STAND: Why marriage matters
Here’s an example of intelligent discussion about the social/familial and governmental consequences of redefining marriage.
Ryan Anderson addresses the House Judiciary Committee on January 13, 2014. Mr. Anderson is the William E. Simon Fellow at The Heritage Foundation. He’s a graduate of Princeton and doctoral candidate at the University of Notre Dame. He speaks and writes “on justice and moral principles in economic thought, health care and education, and has expertise in bioethics and natural law theory” (www.heritage.org).
I would like to refer particularly to the social science data he cites that refers to the war on poverty. How many children today are born out of wedlock and without fathers present in their raising? “More than 50% of Hispanic children…and more than 70% of African American children. And the consequences for those children are really serious. The state’s interest in marriage is not that it cares about my love life or your love life or anyone’s love life, just for the sake of romance.
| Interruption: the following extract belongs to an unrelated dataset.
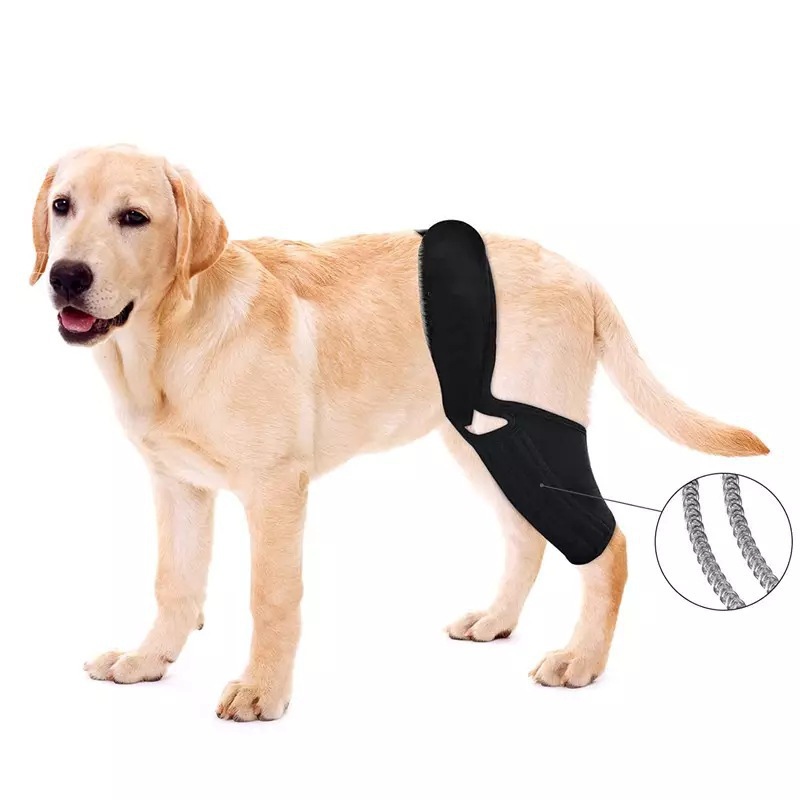 Adjustable Pet Dog Knee Brace  - Car Accessories For Elderly recensie en prijs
The state’s interest in marriage is ensuring that those kids have fathers who are involved in their lives. And so what we saw is that this is when the welfare state took off. This is when all of the welfare spending that bankrupts so many states and the federal government took off. It’s when crime rates increased. It’s when child poverty for those children increased. It’s when social mobility decreased. So everything that you can care about, if you’re someone who cares about social justice and limited government, if you care about freedom and liberty and you care about the poor, is better served by having the state define marriage correctly, to ensure that men and women commit to each other and take responsibility for their children while then leaving other consenting adults free to live and love how they choose without redefining the institution–the fundamental institution–of marriage.”
Shortly after this quote, he explains how redefining marriage how it hurts you and your marriage: “It fundamentally reorients the institution of marriage away from the needs and the rights of children towards the desire of adults. It no longer makes marriage primarily about ensuring the type of family life that’s ideal for kids; it makes it more about adult romance. If the biggest social problem we face right now in the United States is absentee dads, how will we insist that fathers are essential when the law redefines marriage to make fathers optional?”